I work with Jupyter Code Workspaces. When reading a dataset which consists of CSV files, I get many string columns. In my case, this happens, because only bare CSV files are read. However, the dataset has several different data types saved in schema. How can I read Foundry data types while reading the CSV dataset?
Hey @ZygD,
Just to make sure I understand correctly the situation.
You created a dataset in Foundry, uploaded a raw csv file. You get something like in the following screenshot (with Columns being of a certain type, here integer).
Then you created a Jupyter Code Workspace and try to read this dataset but you only get string columns ?
Which dataset format are you using to read the dataset in the Code Workspace ?
Best !
Thank you for the reply. Sorry I have not provided enough details at the beginning.

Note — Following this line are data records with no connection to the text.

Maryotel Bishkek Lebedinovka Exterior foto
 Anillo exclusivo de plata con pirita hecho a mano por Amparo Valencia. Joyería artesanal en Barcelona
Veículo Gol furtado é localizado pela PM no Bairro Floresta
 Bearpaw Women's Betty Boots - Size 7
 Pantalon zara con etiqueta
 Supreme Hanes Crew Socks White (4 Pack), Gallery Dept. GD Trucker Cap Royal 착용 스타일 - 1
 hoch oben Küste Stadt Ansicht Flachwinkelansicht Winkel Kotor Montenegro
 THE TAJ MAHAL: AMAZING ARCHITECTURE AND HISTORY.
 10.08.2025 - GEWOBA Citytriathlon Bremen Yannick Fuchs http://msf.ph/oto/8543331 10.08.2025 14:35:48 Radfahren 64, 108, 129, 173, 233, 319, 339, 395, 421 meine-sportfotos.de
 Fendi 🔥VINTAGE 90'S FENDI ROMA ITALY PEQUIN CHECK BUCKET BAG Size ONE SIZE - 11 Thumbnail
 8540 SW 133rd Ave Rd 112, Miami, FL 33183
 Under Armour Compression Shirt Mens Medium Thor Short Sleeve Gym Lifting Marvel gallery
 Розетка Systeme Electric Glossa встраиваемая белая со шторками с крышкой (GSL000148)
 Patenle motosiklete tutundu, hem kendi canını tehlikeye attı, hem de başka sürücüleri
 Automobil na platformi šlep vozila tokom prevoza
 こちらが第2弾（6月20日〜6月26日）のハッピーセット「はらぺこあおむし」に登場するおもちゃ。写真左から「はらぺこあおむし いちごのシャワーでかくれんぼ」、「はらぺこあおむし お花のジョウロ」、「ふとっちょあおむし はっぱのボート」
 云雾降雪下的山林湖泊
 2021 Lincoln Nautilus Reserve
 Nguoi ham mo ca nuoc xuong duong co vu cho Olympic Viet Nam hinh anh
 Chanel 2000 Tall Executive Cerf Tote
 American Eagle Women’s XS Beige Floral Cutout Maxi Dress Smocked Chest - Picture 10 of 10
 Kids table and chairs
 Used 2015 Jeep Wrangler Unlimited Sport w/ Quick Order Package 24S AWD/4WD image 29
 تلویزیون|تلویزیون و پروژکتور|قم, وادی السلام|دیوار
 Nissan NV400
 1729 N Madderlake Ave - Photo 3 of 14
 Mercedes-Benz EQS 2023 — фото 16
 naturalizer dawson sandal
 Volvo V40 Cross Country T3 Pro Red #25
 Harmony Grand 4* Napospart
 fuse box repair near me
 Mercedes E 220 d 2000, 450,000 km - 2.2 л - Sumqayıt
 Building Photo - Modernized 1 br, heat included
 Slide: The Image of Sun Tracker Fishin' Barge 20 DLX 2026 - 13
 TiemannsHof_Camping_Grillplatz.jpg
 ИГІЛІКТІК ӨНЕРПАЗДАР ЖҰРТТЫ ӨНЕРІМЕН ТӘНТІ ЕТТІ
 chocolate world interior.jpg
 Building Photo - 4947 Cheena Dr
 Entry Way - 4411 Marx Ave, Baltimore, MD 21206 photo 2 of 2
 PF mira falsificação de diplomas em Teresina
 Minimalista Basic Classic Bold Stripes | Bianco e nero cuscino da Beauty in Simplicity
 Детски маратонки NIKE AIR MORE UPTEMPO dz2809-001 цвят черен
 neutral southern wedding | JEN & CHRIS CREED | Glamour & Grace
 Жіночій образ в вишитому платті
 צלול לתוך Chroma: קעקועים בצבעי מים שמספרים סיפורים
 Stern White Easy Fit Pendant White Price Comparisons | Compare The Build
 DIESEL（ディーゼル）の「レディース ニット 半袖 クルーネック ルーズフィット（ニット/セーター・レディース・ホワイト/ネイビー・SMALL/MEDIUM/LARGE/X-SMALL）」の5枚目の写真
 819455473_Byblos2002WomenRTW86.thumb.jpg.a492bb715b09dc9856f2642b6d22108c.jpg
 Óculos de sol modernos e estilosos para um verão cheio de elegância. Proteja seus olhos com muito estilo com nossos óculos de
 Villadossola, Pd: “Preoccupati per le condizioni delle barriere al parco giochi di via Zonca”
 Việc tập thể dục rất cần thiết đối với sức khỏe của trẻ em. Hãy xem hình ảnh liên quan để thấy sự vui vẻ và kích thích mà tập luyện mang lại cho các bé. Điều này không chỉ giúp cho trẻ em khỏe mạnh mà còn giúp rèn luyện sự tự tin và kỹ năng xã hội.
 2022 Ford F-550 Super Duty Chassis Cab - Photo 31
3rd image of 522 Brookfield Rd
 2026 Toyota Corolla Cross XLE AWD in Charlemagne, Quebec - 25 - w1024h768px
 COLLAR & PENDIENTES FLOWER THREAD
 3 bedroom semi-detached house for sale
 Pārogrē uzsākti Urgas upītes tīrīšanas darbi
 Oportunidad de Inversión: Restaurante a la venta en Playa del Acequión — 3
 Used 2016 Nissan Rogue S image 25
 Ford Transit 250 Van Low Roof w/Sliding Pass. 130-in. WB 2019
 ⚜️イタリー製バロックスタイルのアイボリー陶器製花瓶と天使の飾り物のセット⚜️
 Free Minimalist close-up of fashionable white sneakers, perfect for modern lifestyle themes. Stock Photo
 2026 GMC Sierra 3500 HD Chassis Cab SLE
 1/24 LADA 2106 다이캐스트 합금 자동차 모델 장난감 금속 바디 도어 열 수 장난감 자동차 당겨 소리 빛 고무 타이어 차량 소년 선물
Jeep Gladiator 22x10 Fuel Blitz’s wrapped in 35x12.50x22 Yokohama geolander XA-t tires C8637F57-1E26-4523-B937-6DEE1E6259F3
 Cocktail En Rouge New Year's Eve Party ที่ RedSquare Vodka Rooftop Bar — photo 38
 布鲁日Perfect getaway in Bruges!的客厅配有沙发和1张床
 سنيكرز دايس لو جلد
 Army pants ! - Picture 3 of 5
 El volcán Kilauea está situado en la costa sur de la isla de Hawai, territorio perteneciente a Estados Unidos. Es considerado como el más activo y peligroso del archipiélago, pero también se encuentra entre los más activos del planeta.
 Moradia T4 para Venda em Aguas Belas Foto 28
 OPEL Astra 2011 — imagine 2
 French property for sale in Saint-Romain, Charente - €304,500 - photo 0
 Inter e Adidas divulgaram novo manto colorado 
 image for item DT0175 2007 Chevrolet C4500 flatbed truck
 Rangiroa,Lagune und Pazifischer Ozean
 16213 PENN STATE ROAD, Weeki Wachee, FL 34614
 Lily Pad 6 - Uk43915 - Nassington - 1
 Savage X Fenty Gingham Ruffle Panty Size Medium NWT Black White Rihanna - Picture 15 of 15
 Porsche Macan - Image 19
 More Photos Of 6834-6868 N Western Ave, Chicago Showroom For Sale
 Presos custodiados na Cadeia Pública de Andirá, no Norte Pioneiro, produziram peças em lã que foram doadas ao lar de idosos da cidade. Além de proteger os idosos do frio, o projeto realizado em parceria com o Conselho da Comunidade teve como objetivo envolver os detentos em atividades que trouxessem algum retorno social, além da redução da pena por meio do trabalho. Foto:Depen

I am using Spark, because I’m just testing a small part of a bigger Spark pipeline.
spark = SparkSession.getActiveSession()
ds_foundry = Dataset.get('my_inp')
files = ds_foundry.files().download()
options = {'header': 'true', 'quote': '"', 'escape': '"'}
df = spark.read.options(**options).csv(*list(files.values()))
df.select('R_100').dtypes
[('R_100', 'string')]
The type in the Foundry dataset is set to integer, just like in the example of yours.
Hey @ZygD,
Thanks for the precisions !
I think the problem comes from the fact that you are downloading the raw CSV files (which makes you loose metadata of the dataset, including the schema) in your code and then reading them via the Spark API.
I would suggest trying to read the Foundry Dataset as a pandas dataset and then reading that pandas dataset to create the Spark dataset.
Something like :
from foundry.transforms import Dataset
from pyspark.sql import SparkSession
csv_files_with_schema = Dataset.get("csv_files_with_schema").read_table(format="pandas")
spark = SparkSession.builder.getOrCreate()
spark_df = spark.createDataFrame(csv_files_with_schema)
Tested it on my side, it preserved the types
spark_df.select(‘A’).dtypes -> [('A', 'bigint')]
Best !